In the latest “Sunday Special” with Daily Wire editor emeritus Ben Shapiro, Pulitzer Prize-winning journalist Glenn Greenwald reveals details about his bombshell 2013 reporting on the NSA and former NSA sub-contractor Edward Snowden, and explains why American institutions have targeted and continue to target former President Donald Trump.
Greenwald, a constitutional lawyer and bestselling author, told Shapiro during their hour-plus long sit-down that he firmly believes Snowden intended to act as a patriot and was not in any way working with an adversarial government, like Russia.
“[Snowden’s] father was in the Coast Guard, he was kind of a lower-middle class family, he didn’t really have a lot of educational opportunities, and after 9/11, he wanted to go and fight for his country, including in Iraq,” Greenwald said of Snowden. “He wanted to be enlisted in the U.S. Army — broke his legs in basic training, and instead ended up at the CIA. He was a true believer in what he was being told about what the security state does, that it protects the greatest democracy in the world, the United States, and that it does so with good intentions, and he wanted to be a part of that.”

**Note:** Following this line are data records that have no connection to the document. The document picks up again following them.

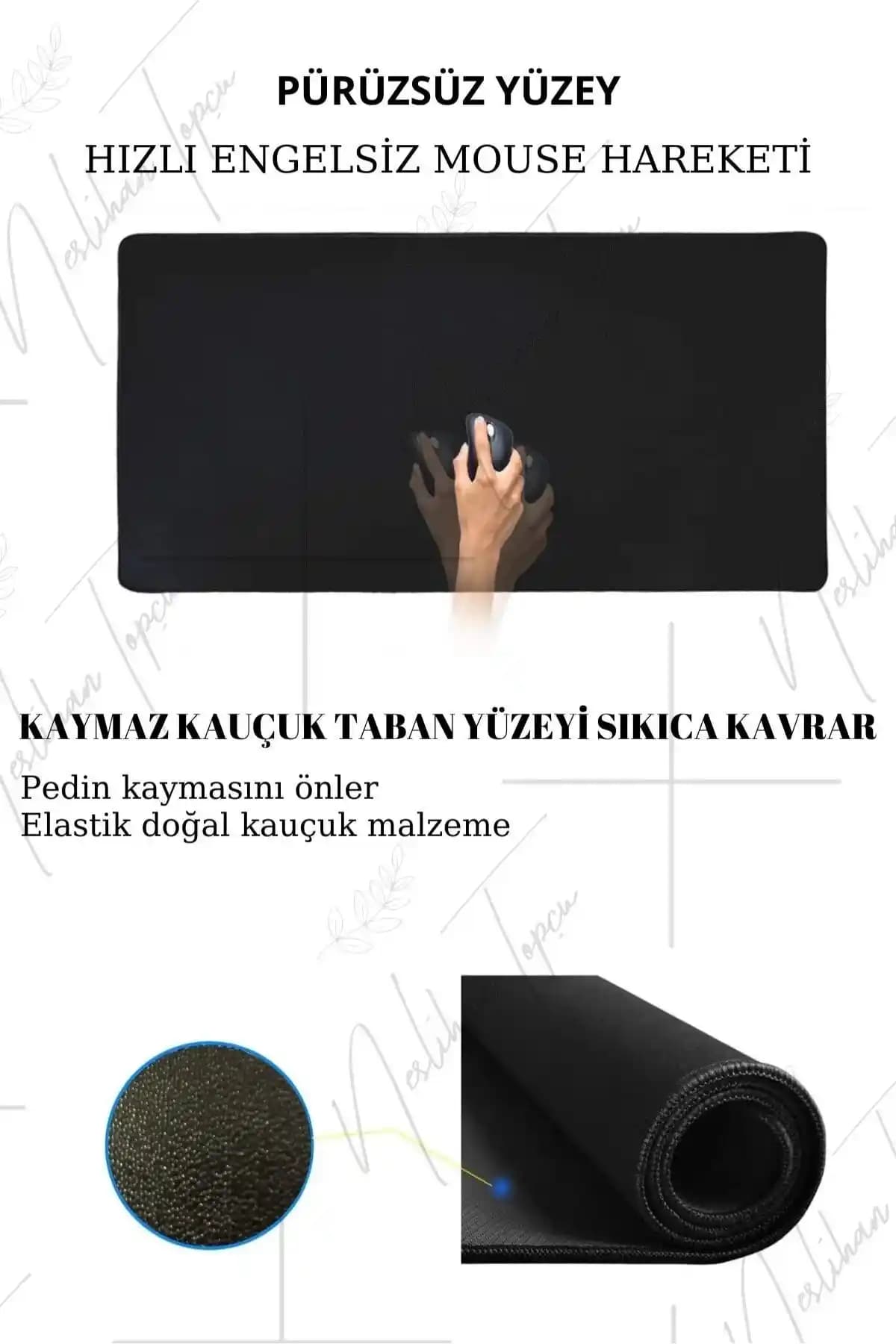 Oyuncu ve Ofis Kullanımı İçin Dayanıklı Dikişli Mouse Pad'lerinin Özellikleri ve Avantajları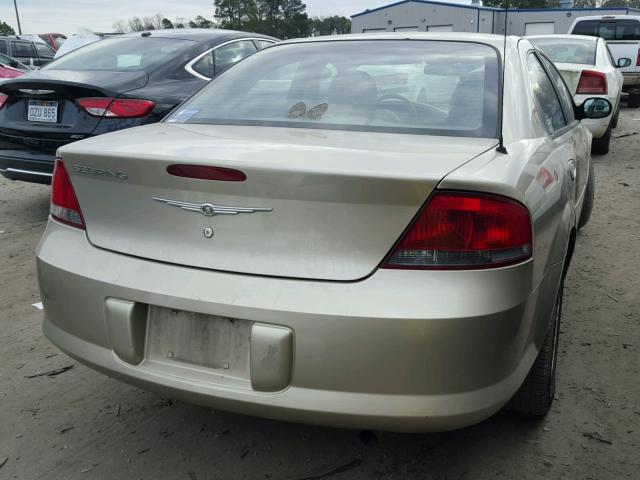 1C3EL46X75N571296 - 2005 CHRYSLER SEBRING BEIGE photo 4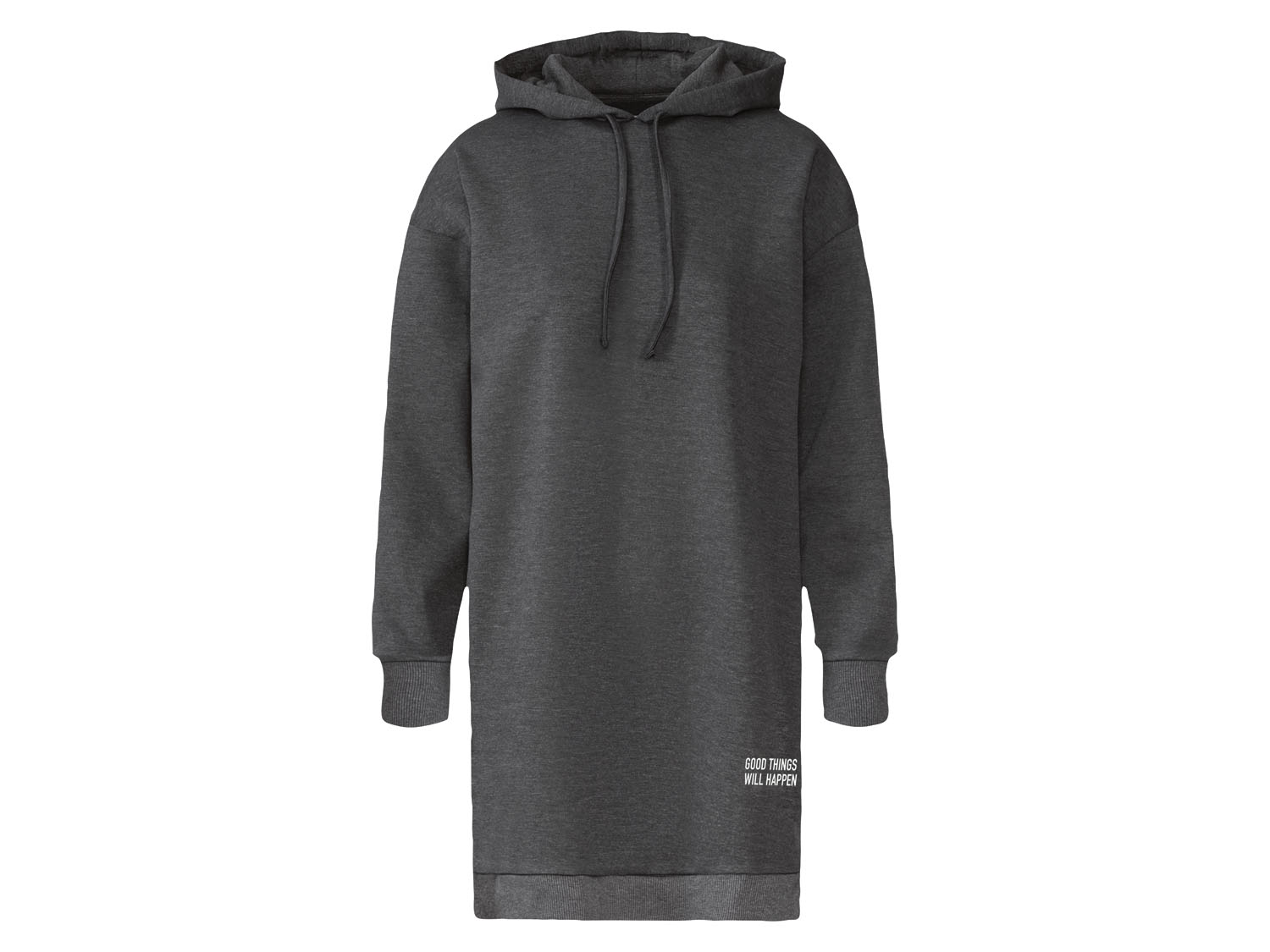 esmara® Sukienka damska casualowa z kapturem (Ciemnoszary, S(36/38))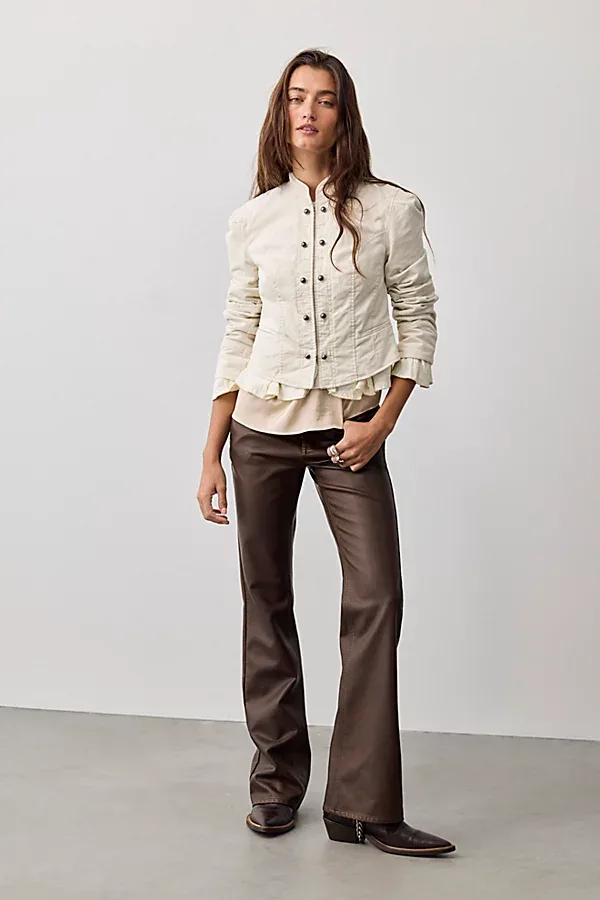 Cloud Nine Ruffle Band Jacket by Free People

After he saw that the NSA was “turning its powers inward on the American people,” he knew he had to “blow the whistle,” Greenwald continued. “He decided not to dump it all onto the Internet like he could have done if you wanted to harm the United States; he didn’t want to sell it to foreign powers, like he could have done and got very rich. He, in fact, came to journalists and told us, only release the information that you believe the public needs to know to understand these issues, and keep everything a secret that might endanger people, or in which you’re in doubt. And to this day, we’ve only released a small portion of that archive in accordance with his direction, because he really was acting patriotically.”
“You may disagree with the methods and all of that, but there’s no question, for me at least, that his motive was pure, which was that he was offended that the Internet — which is supposed to be this technological innovation designed to empower the citizenry, free us from centralized state and corporate control — was instead degraded into the opposite, the most powerful force for surveillance and coercion ever invented in human history.”
Greenwald also said Snowden is now in Russia because the Obama administration stopped his attempted route to Latin America, where he was going to get asylum, effectively trapping him in Russia.
“To get there, he had to transit from Hong Kong, where he was meeting with us, through Russia and then Havana and onto Latin America,” Greenwald said. “Ben Rhodes, in his book, a senior national security official for the Obama administration, boasted of the fact that they knew Snowden was trying to get out of Russia and trying to get to Latin America. They called the Cubans, at which point they were negotiating the lifting of the embargo with Cuba, and they said, ‘If you have any hope of getting this embargo lifted, you better not let Edward Snowden pass safely through Havana. We want him trapped in Russia.’ The Cubans withdrew their offer of safe passage, and they trapped him in Russia.”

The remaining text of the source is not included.